Extracted data:
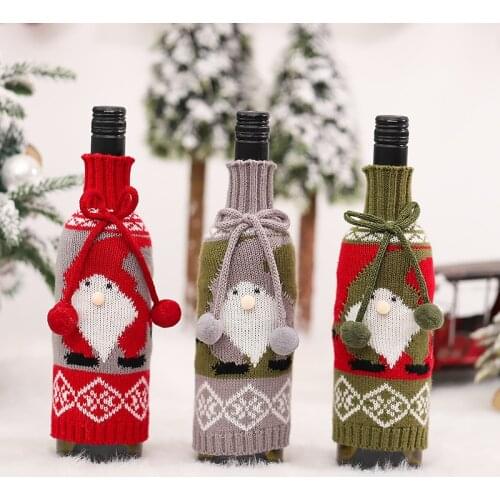 Navidad Christmas Wine Bottle Dust Cover Merry Christmas Decor for Home Christmas Table Decor Xmas Gift Happy Noel New Year 2022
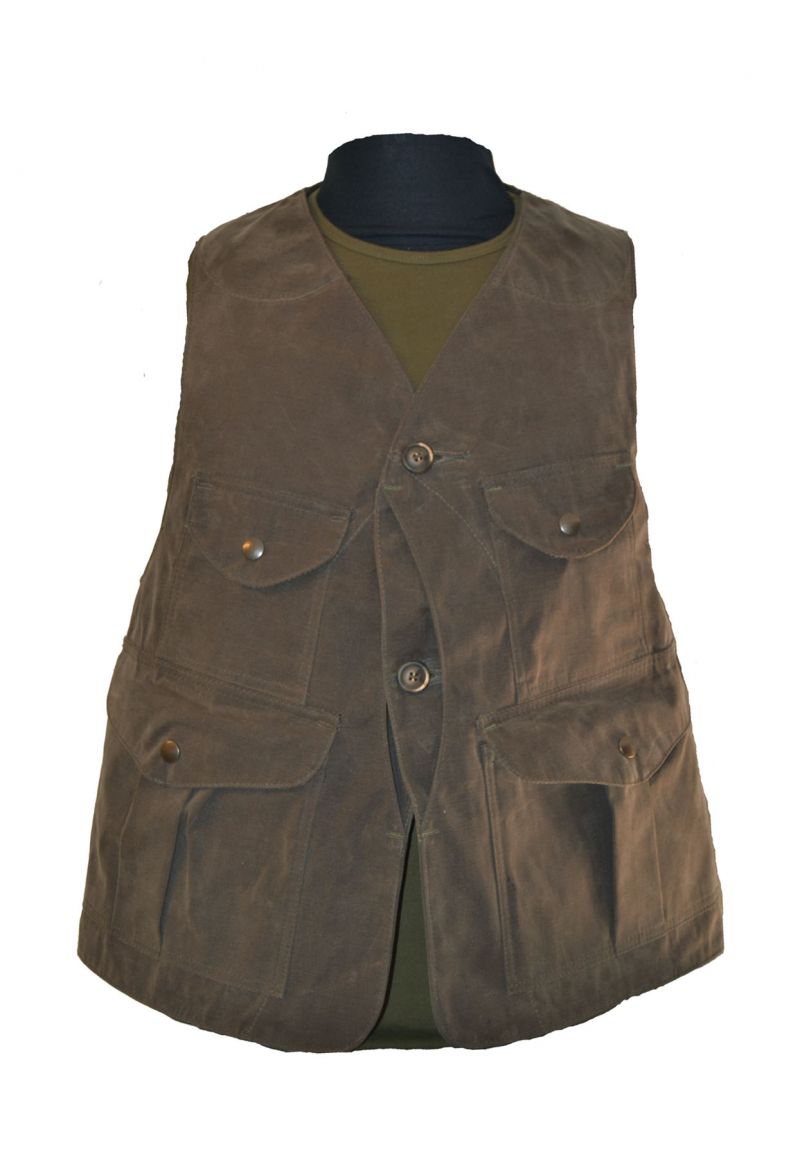 Gilet multi tasche con carniere veloce in canvas cerato antispina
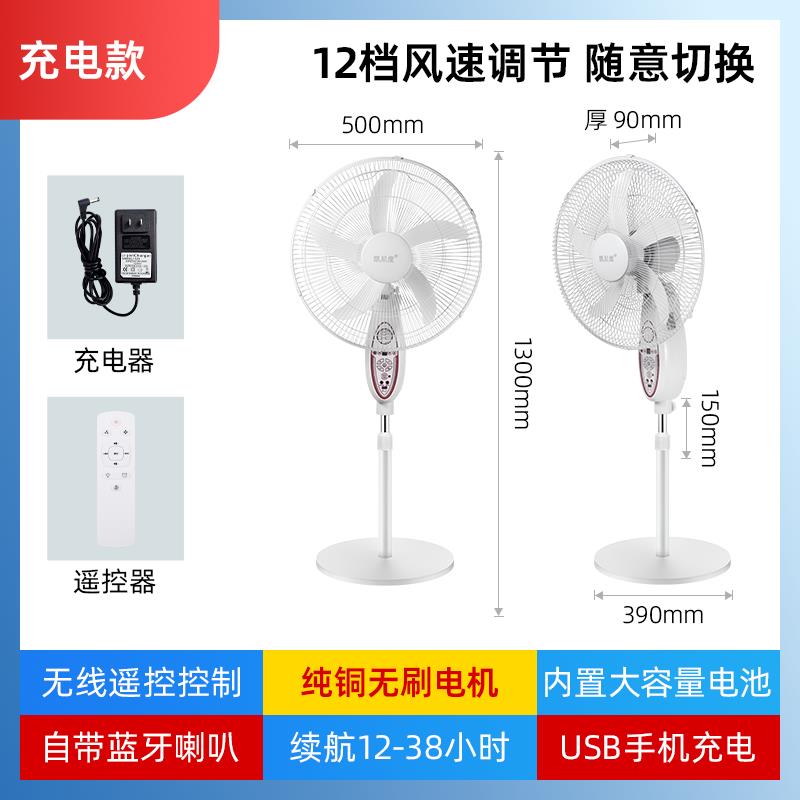 {可打統編 保固一年}18寸充電風扇超長續航大風力太陽能戶外大電池便攜式大功率落地扇 0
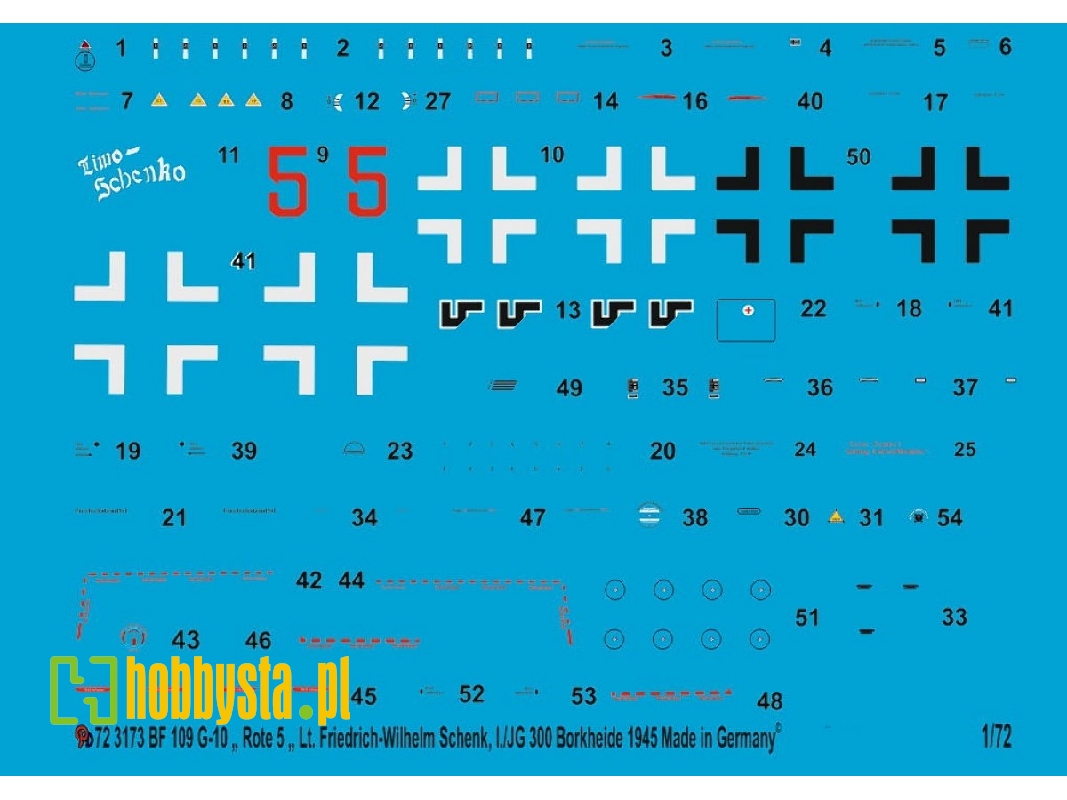 Bf 109 G-10 "red 5" Lt. Friedrich Wilhelm Schenck, I./Jg 300 Borkheide 1945 - zdjęcie 1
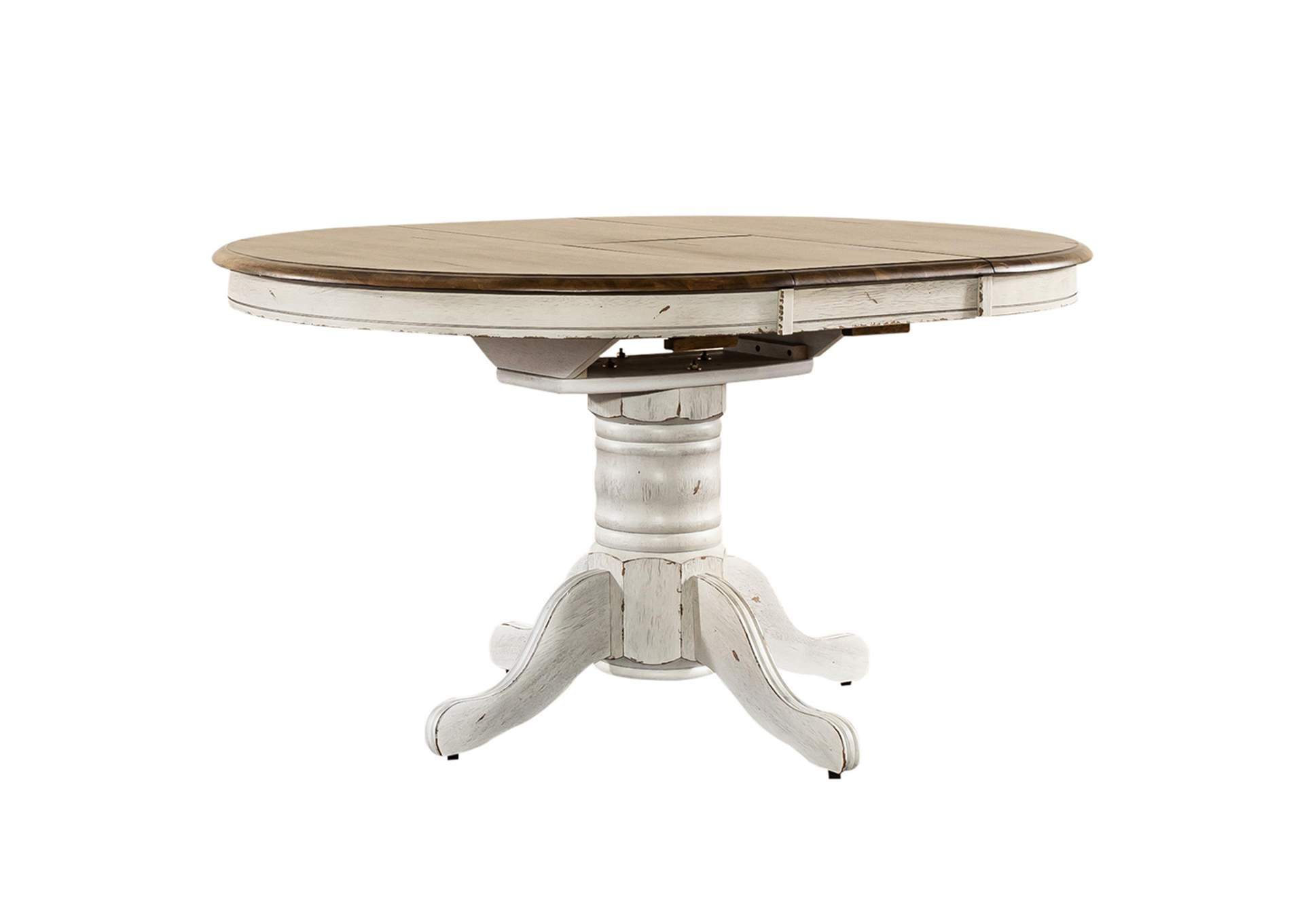 Carolina Crossing Pedestal Table Set - White,Liberty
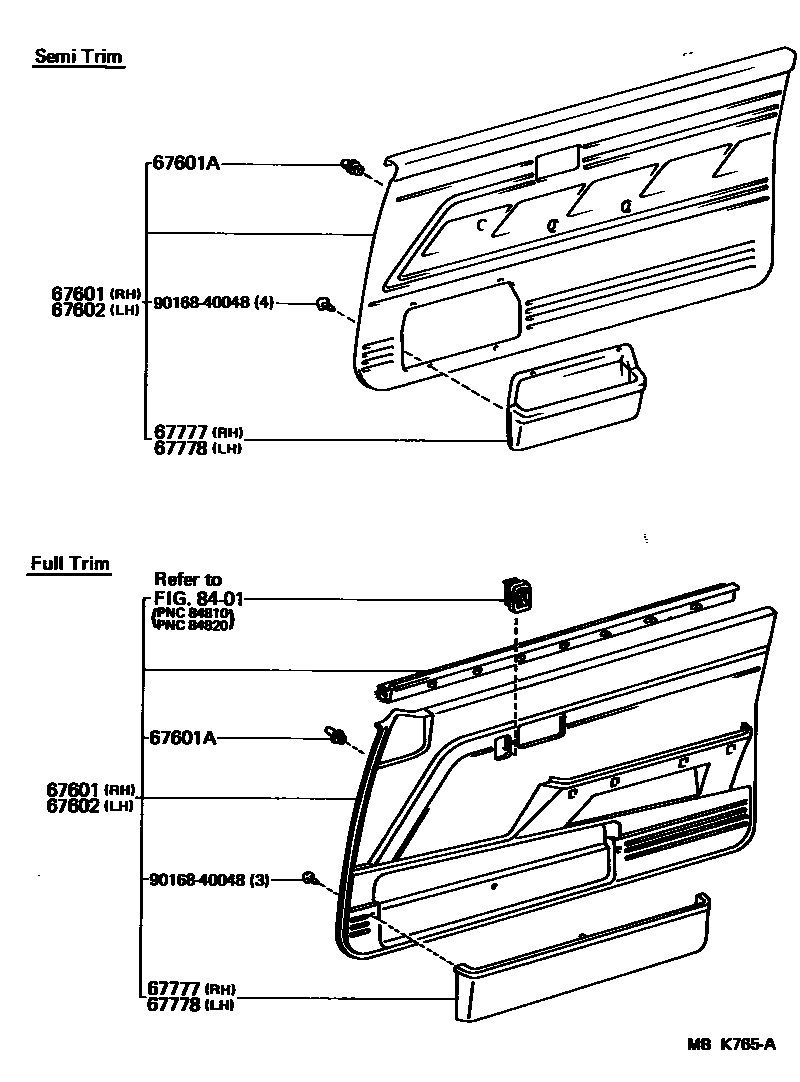 Toyota COROLLA 前门板和前门玻璃 EPC diagram — MBK765A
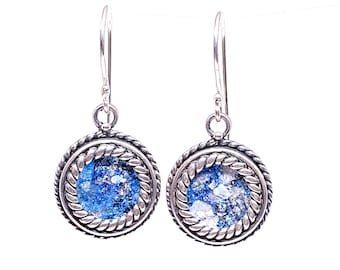 Round 925 Sterling Silver  Roman Glass filigree  Earrings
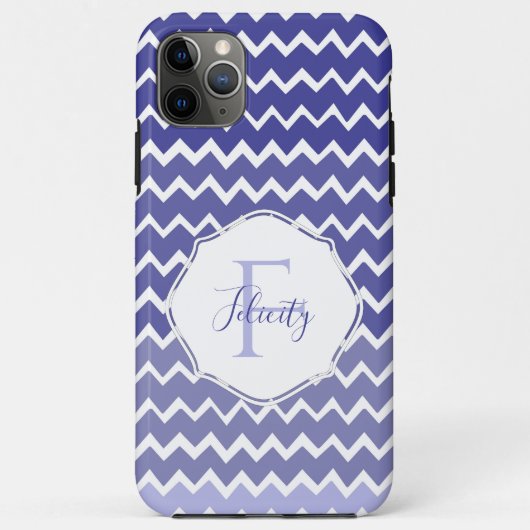 Blue Ombre Chevron persoonlijke iPhone Case (Achterkant)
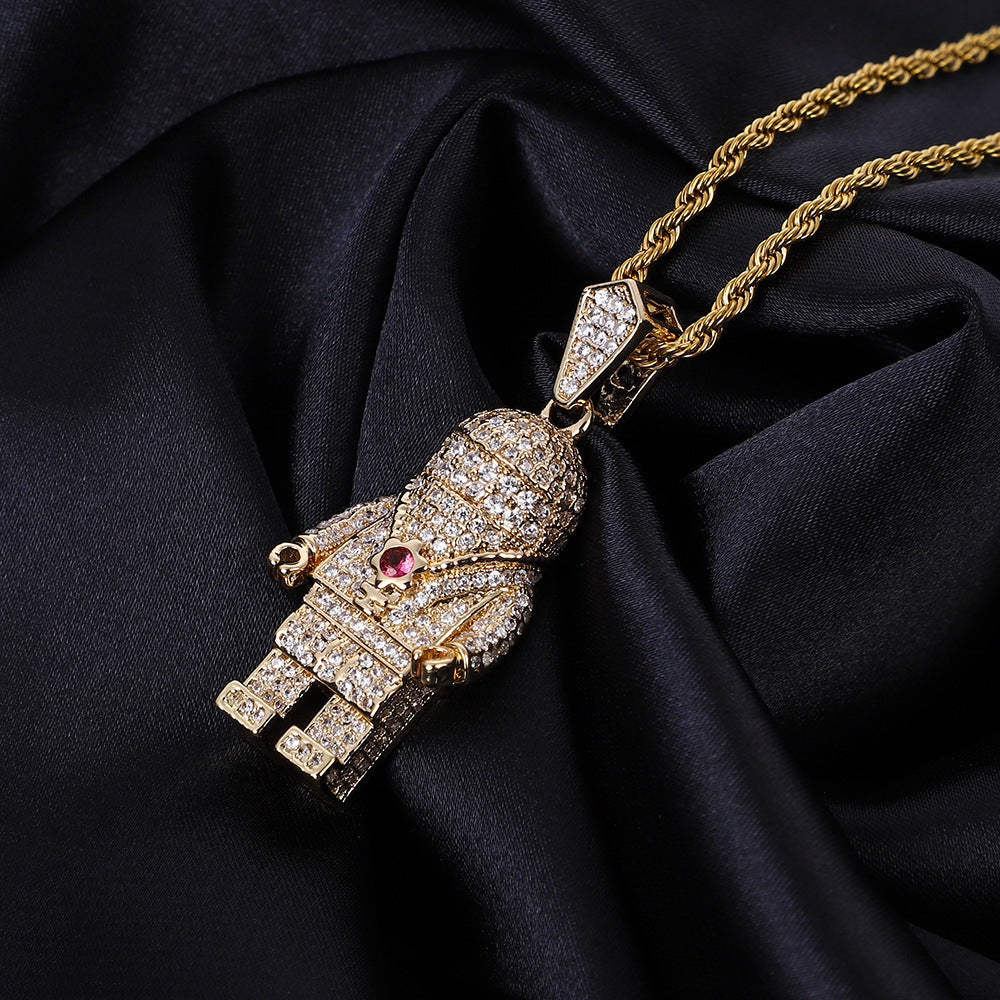 DatNewDrip iced out spaceman pendant gold astronaut pendant encrusted with diamonds and red gem on rope chain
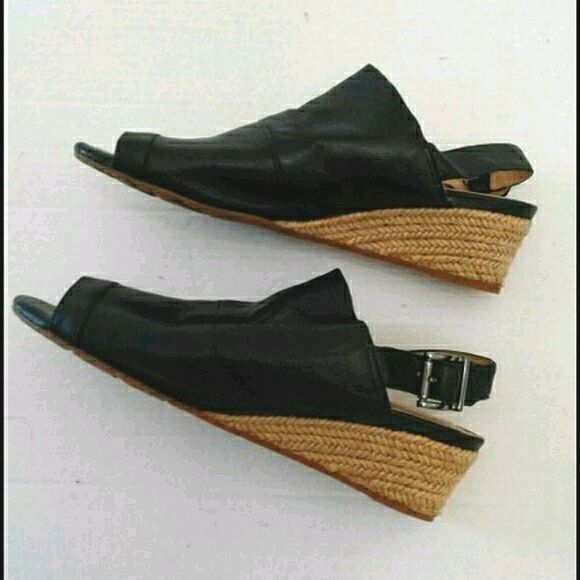 Nurture Black Leather Open Toe Wedge Comfort Sandals - Picture 4 of 7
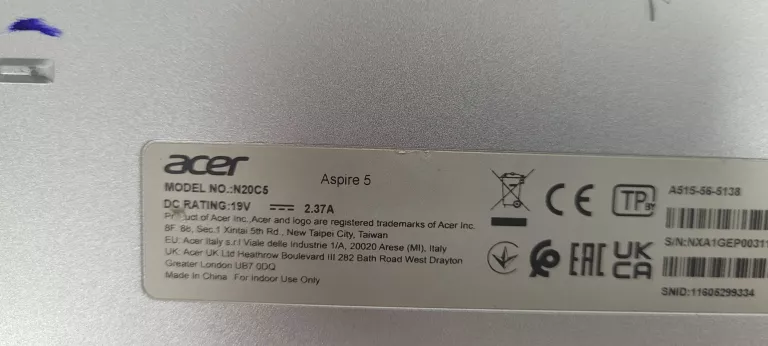 LAPTOP ACER N20C5 ASPIRE 5 CORE I5 1135G7 8GB/512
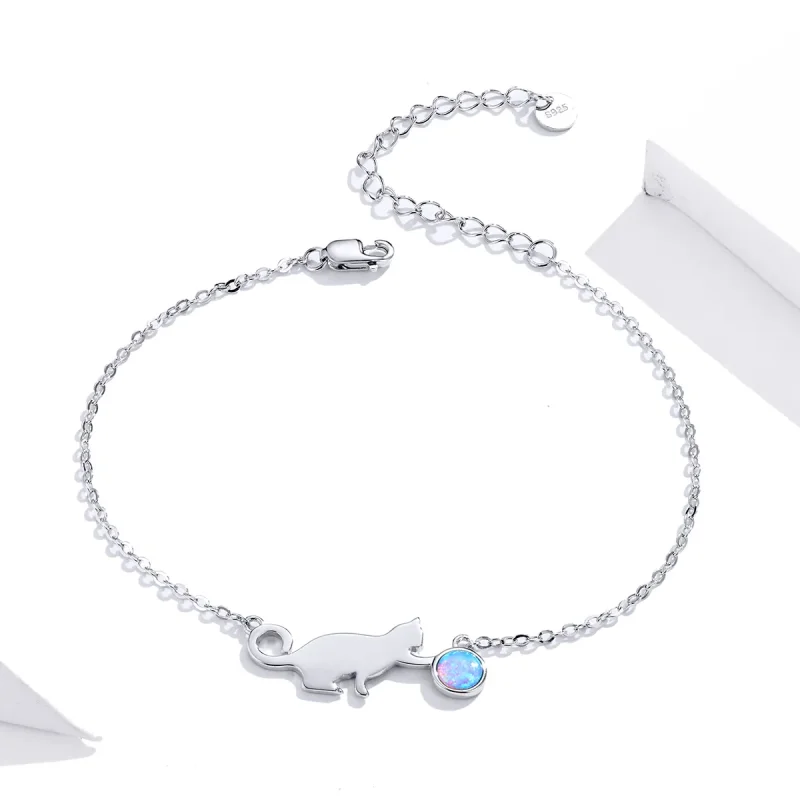 (immagine per) Bracciale tipo Pandora Gatto opale - SCB175 - Visualizza 2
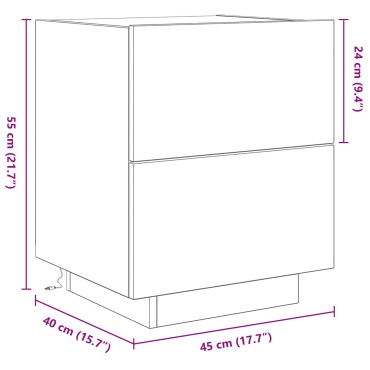 vidaXL Κομοδίνο με LED Φώτα Μαύρη Δρυς 45x40x55 εκ 1 τεμ.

Exercise goal: Leaving out all pictures, retype exactly the lines that run from the one containing "Round 925 Sterling" through the last line of the material.

Solution:
 Round 925 Sterling Silver  Roman Glass filigree  Earrings
 Blue Ombre Chevron persoonlijke iPhone Case (Achterkant)
 DatNewDrip iced out spaceman pendant gold astronaut pendant encrusted with diamonds and red gem on rope chain
 Nurture Black Leather Open Toe Wedge Comfort Sandals - Picture 4 of 7
 LAPTOP ACER N20C5 ASPIRE 5 CORE I5 1135G7 8GB/512
 (immagine per) Bracciale tipo Pandora Gatto opale - SCB175 - Visualizza 2
 vidaXL Κομοδίνο με LED Φώτα Μαύρη Δρυς 45x40x55 εκ 1 τεμ.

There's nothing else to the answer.